Recent media statements misinterpret the issues related to Saudi Arabia and link all these with the United States. Most recently, false information that U.S. ally, Saudi Arabia allows husbands to kill and then eat their own wives was related to portrayal of a sarcastic publication by a Moroccan blogger as a true story. False information was disseminated by Archil Chkoidze, chairman of Eurasian Choice. Another statement that women in Saudi Arabia were executed for driving and the United States encourages this process was made by Giorgi Akhvlediani of The Democratic Movement – United Georgia in the interview with Kavkasia TV.
Giorgi Akhvlediani, The Democratic Movement – United Georgia: "If a Saudi woman dares to drive, she is executed. It is democracy from the American point of view… Is it the U.S. national interest to have partnership with Saudi Arabia and to support it in everything? Then everyone will close their eyes to the fact that for example, a woman will be beheaded [in Saudi Arabia] for driving.” Barrier TV program, Kavkasia TV, November 24, 2015
Saudi Arabia has banned women driving since 1957, although there is no law restricting this right. It should be noted that no death penalties have ever been imposed on such offenders.
Saudi Arabia is an absolute monarchy governed by the Islamic law, Sharia. The Quran and the Sunnah are the country's constitution. Religious law and Islamic traditions are strong and the logic of such restrictions lies in the religious dogmas. To drive safely, Saudi women have to uncover their faces and take off their Hijab that is considered a sin from a religious point of view. Saudi Arabian cleric, Sheikh Saleh bin Saad al-Lohaidan said in 2013, amid a campaign calling for women to defy the ban in a protest drive, that women who drive risk damaging their ovaries and bearing children with clinical problems. The members of the Consultative Assembly of Saudi Arabia also known as Shura Council said that granting driving licenses to Saudi women will cause negative changes to traditional Arabian families and women’s image in Islam.

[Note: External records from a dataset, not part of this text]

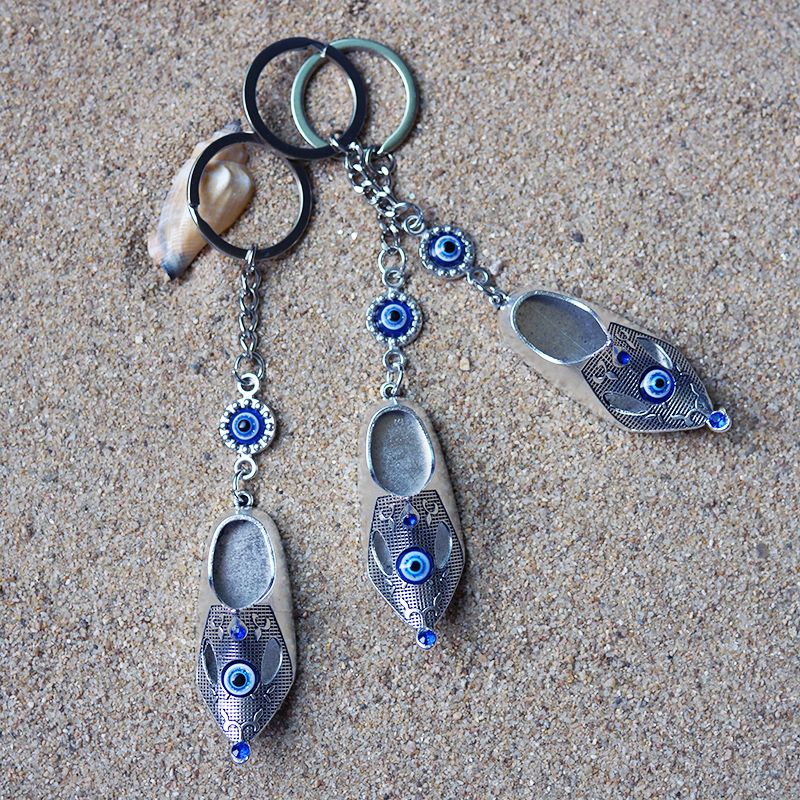 Foreign trade Greek and Turkish blue eye jewelry, evil eye metal shoe pendants, Devil's eye keychains Application Scenario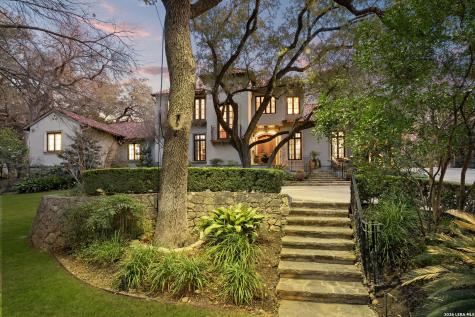 829 Contour Drive San Antonio TX 78212
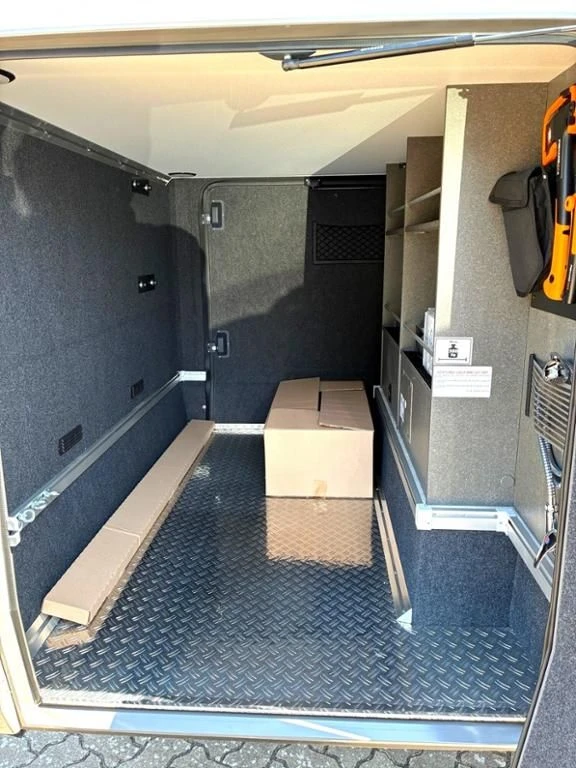 Hymer--image-25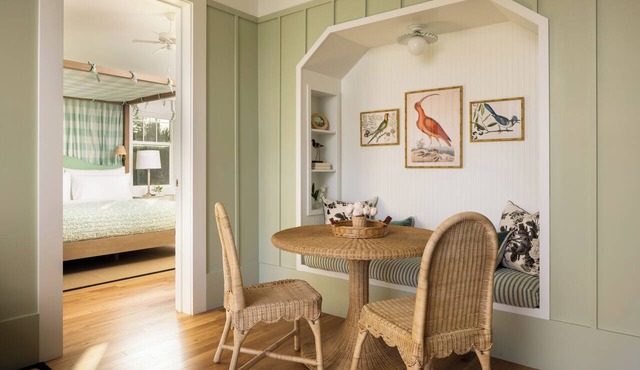 The Dunlin, Auberge Collection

As a rule, offenders of these unwritten public and religious rules are arrested, fined, members of their families (husbands or fathers) are summoned or even fired from jobs. Flogging is yet another form of punishment, though this method is used quite rarely. Despite strict religious dogmas, Saudi women still drive cars, because it is essential for their routine household activities; the government or religious organizations have not imposed any punishment on such cases.
A number of women’s rights campaigns have been carried in Saudi Arabia since the 1990s. Among the key requirements were participation in elections and obtaining driving licenses. The campaign achieved certain success in 2011, when King Abdullah announced that women would be able to participate as voters and candidates in the 2015 election.
In May 2011, a group of women including Manal al-Sharif launched a campaign named "Teach me how to drive so I can protect myself” or "Women2Drive”. In 2011 Wajeha al-Huwaider, co-founder of the Association for the Protection and Defense of Women's Rights in Saudi Arabia, filmed al-Sharif driving a car as part of the campaign. The video was posted on YouTube. Al-Sharif was detained and sentenced to 10 lashes. King Abdullah pardoned her and released from jail. The above mentioned organization is not formally registered by the government and it has no right to hold protest rallies. On June 29 of the same year, a group of women organized a driving campaign in Jeddah as a protest against violation of their rights. They were arrested but released soon. Since then every June 29 women in various cities of Saudi Arabia drive their cars as a sign of protest. Police, as a rule, arrest some of them briefly.
Representatives of various organizations and music industry in the United States also support women’s rights campaigns in Saudi Arabia. In June 2011 women drivers in the United States organized a protest rally outside the Embassy of Saudi Arabia to the United States in solidarity with Saudi women. The music video to the M.I.A. song "Bad Girls”, released in 2012, is a protest piece in solidarity with the movement.